On 27 September 2011, station volunteers Rob Davies and Gary Barnes launched a locally high-profile attempt to break the current world record for the longest team radio broadcast, previously held by Chris Moyles of BBC Radio 1, for the benefit of two local charities. Their attempt finished at midday on Friday 30 September, lasting a total of 76 hours, exceeding the previous record.

In early 2012, the radio station added ethnic programming to the broadcast schedule for the first time in several years, offering representation to the Chinese, Polish and Persian-speaking Iranian communities of Newcastle upon Tyne and Gateshead. A Spanish language broadcast was added at a later date

In February 2012, the station announced the award of a five-year extension to its community radio licence, taking the project through until June 2017. However, in April 2012, the station ceased FM broadcasts due to an issue with the location of the station's transmitter requiring a full move of broadcast equipment. Although the station declared on its website that operations were continuing as normal online during this downtime, the station was cited as in breach of its broadcast licence by Ofcom in June 2012. NE1fm successfully returned to 102.5 FM on 7 August 2012.

=== 2014–2019: Relocation to Westgate College and Tenth Birthday ===

Logo launched in June 2017 to celebrate the tenth birthday.

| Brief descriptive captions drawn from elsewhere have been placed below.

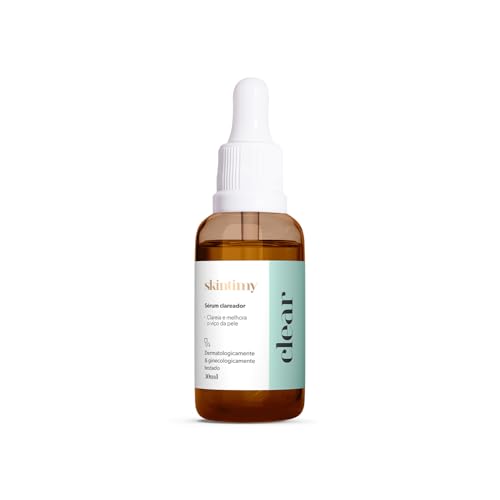 Clareador Íntimo Skintimy Clear 30 ml | Sérum Clareador Íntimo Feminino para Uniformizar e Iluminar a Pele da Região Íntima | Uso Externo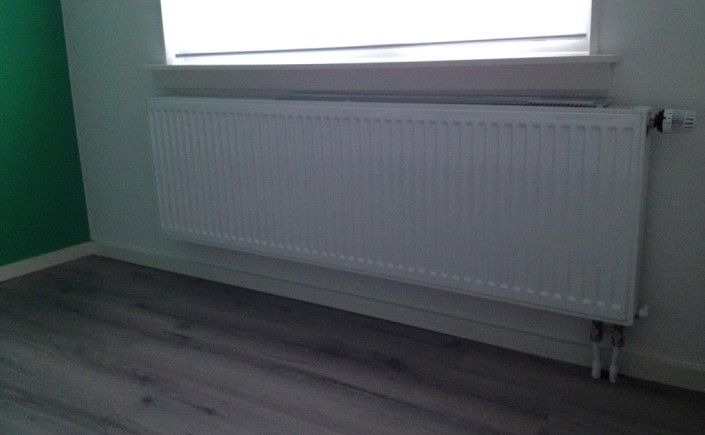 Centrale verwarming inregelen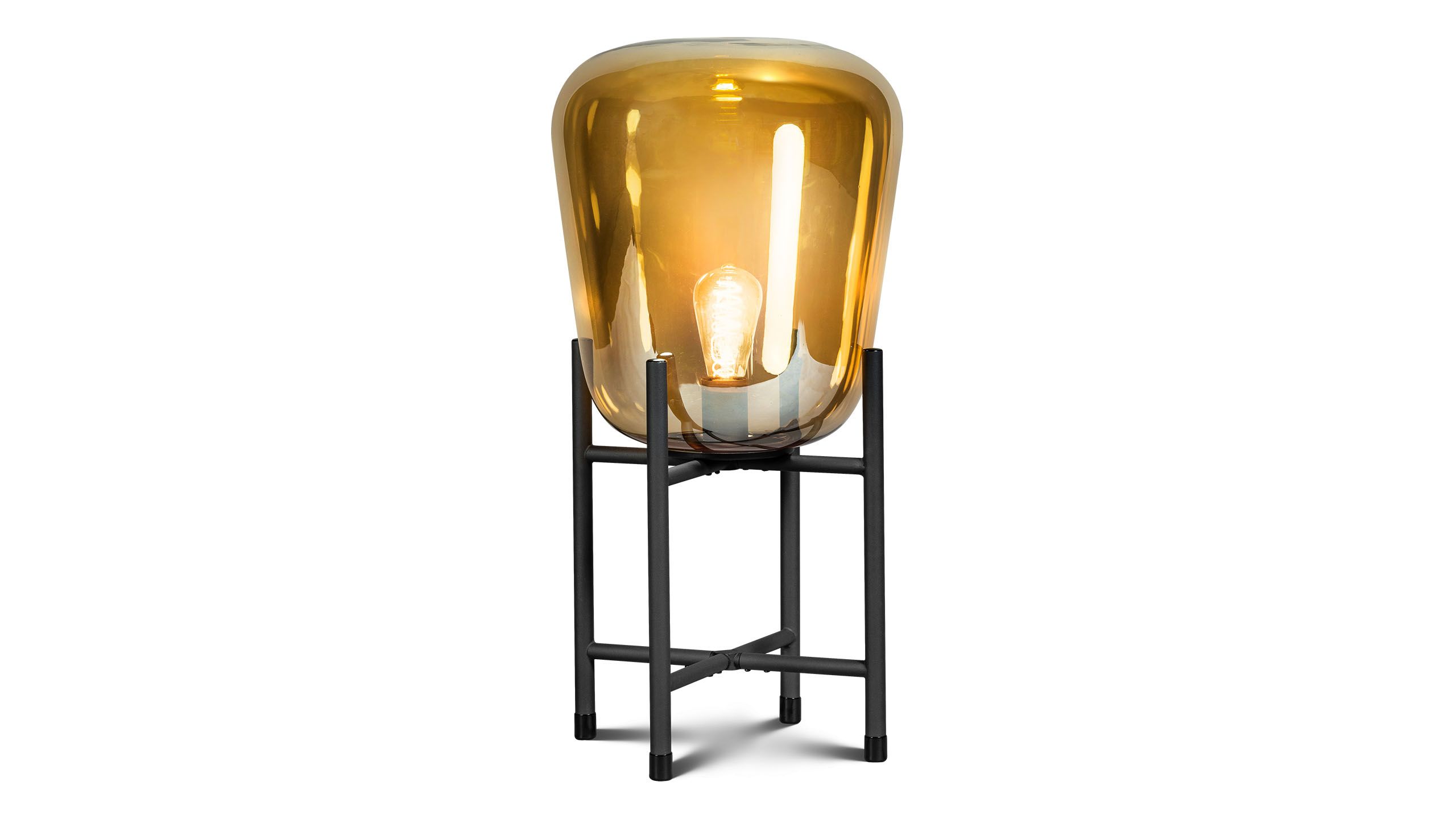 Tafellamp Gold 05-TL3201-30 Benn  | ETH⌀33  x H65.2 cm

In October 2014, the station relocated from Virginia House to Westgate Community College, on the West side of Newcastle upon Tyne.

In June 2017, the station celebrated their 10th Birthday with a series of special broadcasts and the release of a new logo, shown below.

In February 2019, the radio station was taken over by a new Director for CBIT, planning to relocate, create a new management team along with a new programming schedule to enable the station to be self-sustaining. In February 2019, the station received a brand new logo, along with a brand new website.

This logo was used for only a short amount of time, from February to June 2019.

=== As Nova Radio North East ===

==== 2019–present ====

Unfortunately, the previous management takeover of NE1fm fell through, and was passed on once again. This time, the new management consisted of a team who already ran an online community station in the area, 'Nova Radio North East'.

In June 2019, these two stations were merged into one, forming the new 'Nova Radio North East 102.5FM'.

In 2022 the station was successfully awarded a five-year extension to its licence. The FM licence was later revoked, meaning the station now only broadcasts online.